If you find yourself dealing with your parents stuff, remember, part of that stuff is your history too. Ideally we can make time to discuss and document the memories before we find ourselves sifting through a garage filled with things. Remember, you too should be Saving History…because your story if priceless.


What are Boomers doing to set the Record Straight?

In Uncategorized on August 2, 2014 at 9:22 AM

Baby BoomersWhat are we Boomers doing to set the record straight?

In the course of research for an upcoming class I’ll be teaching on 20th Century life in America I have naturally encountered considerable material on the Baby Boomer generation. I am a “boomer” and while I know I have already lived through some of the most historically important events in American history, I have not really given much thought to how those events have been interpreted by the generations that followed me; Generation X,Y and Z. Well, based on the very preliminary research I’ve done, it seems there is a considerable debate brewing about the perilous conditions we boomers have passed on to those who follow us. Clearly there seems to be no shortage of “boomer bashing” opinions out there and while I defend everyone’s right to have an opinion I am left wondering if some of the “ranting” is perhaps a little short on sources; specifically, the actual interpretations of boomers themselves.

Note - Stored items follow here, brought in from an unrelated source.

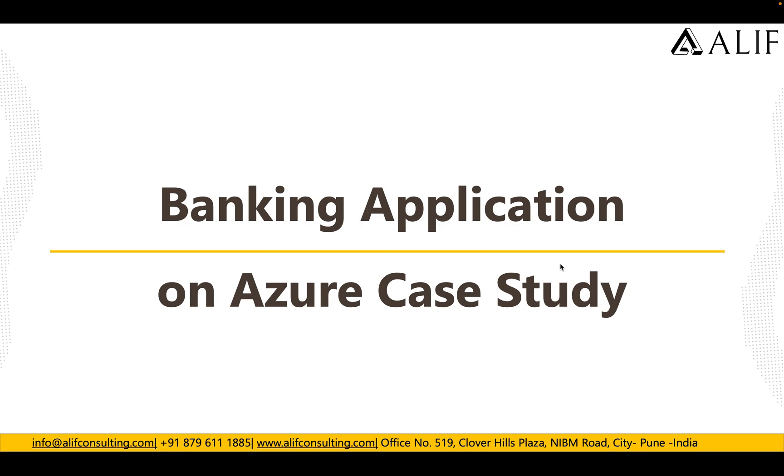Hey guys, good morning, good afternoon, and good evening. This is Ankush here from Alif Consulting. Welcome to our Azure banking application on Azure case study. In this video we will be talking about how a bank hosted their banking applications directly on Azure.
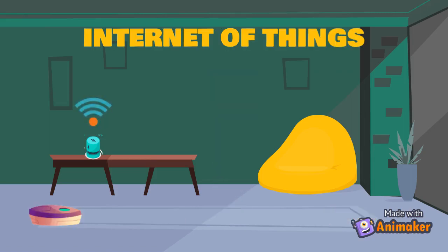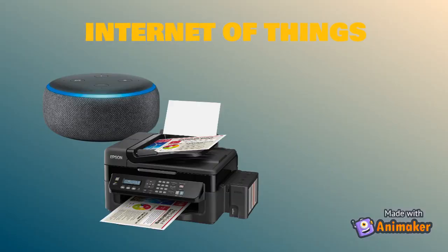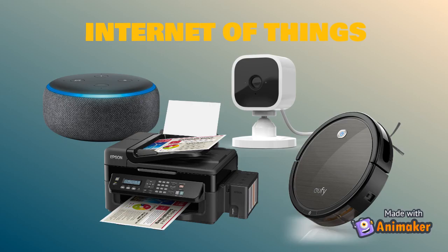In the past five years, IoT devices have become very popular, and almost every home or office has some type of IoT device, whether it's an Alexa, a wireless printer, a surveillance camera, or even a robotic vacuum.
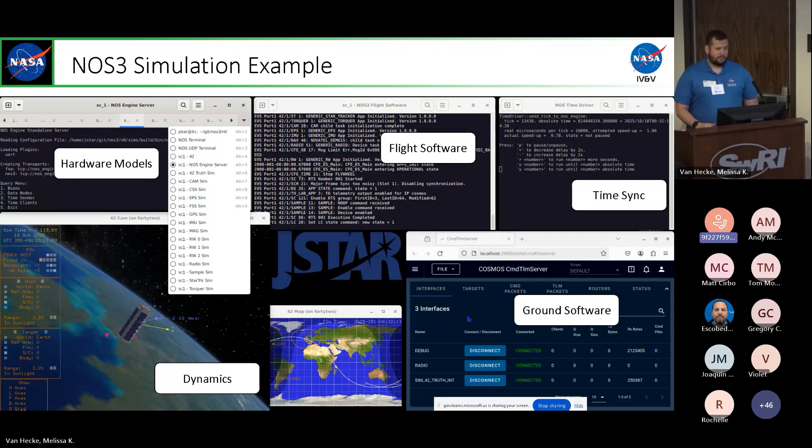STF-1 resulted in NOS-3 originally — just a basic framework that has now been expanded to be an entire design reference mission. If you clone this from GitHub and stand it up, you basically get a virtual machine with a bunch of individual pieces. At the highest level you have your hardware models with all your middleware and sensors and actuators — cameras, star trackers, GPS, gyros. You also have your flight software with CFS running in the middle, and then time synchronization to keep everything in lockstep.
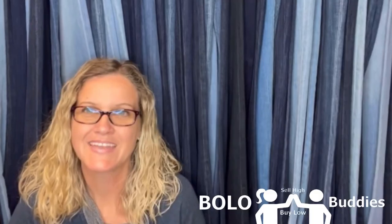All right bolo buddies, it is time for a reseller vlog! I have pulled all of my orders and I'm ready to show you guys what sold. I've got a big money bolo coming your way, but I also got a policy violation today and I want to talk about what I did to resolve the issue and what's next.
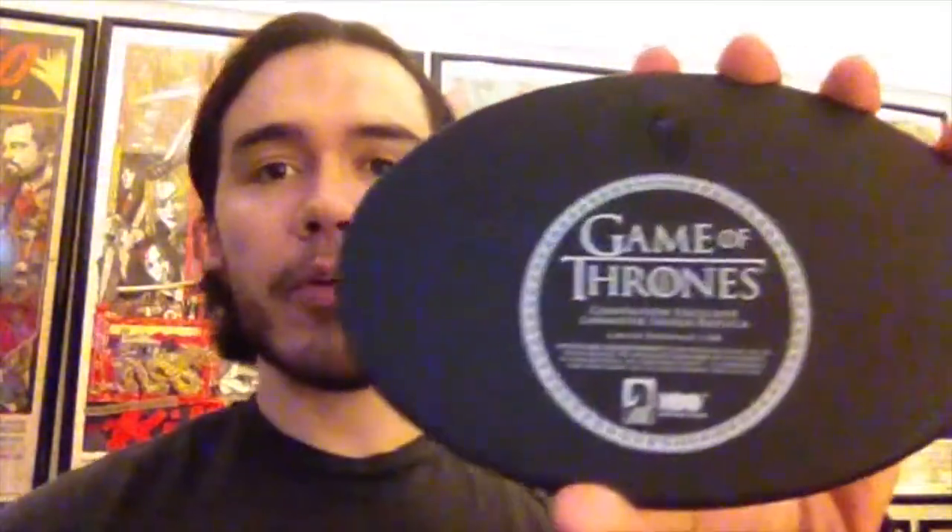Also at Comic-Con they had this Lannister shield replica — it's a little guy and you just hang it up. I guess I'm a super fan. You'd think, who's going to know what this is? But look at the back — it's a Comic-Con International exclusive, so I'm a hipster like that, having an exclusive piece in my house.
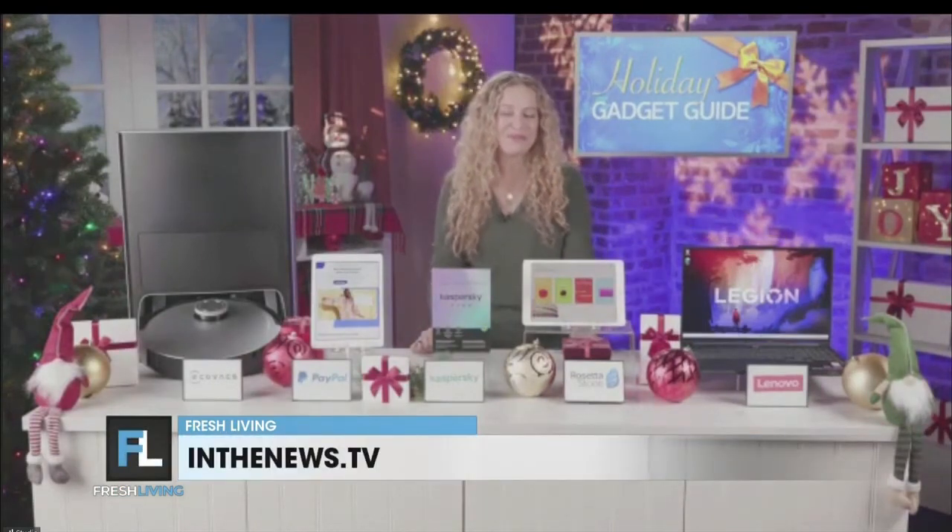These are all such great ideas — you're inspiring me to want to brush up on my Italian and head there for the summer. Such great gift ideas, and thanks for joining us. For everything discussed today and pricing, you can head to inthenews.tv. Thank you again, Carly. Happy Holidays!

Have we given our subsequent generations enough data from which to make informed interpretations? Do they know how you experienced the 60’s or 70’s and how the events of those periods influenced the person you became? Do they know the rights they take for granted were not easily attained? We have the information; we have the memories and recollections. Are we documenting it, sharing it with our families, and helping to set the record straight? Look around your house; there are memory triggers everywhere. A photo, a piece of jewelry, a knick knack or piece of art; the list is endless and quite often simply looking at those “things” can trigger memories of a time long past. It is in your memories that a new interpretation of the event resides and you alone can help set the record straight.
Remember, you should be Saving History…because your story is priceless.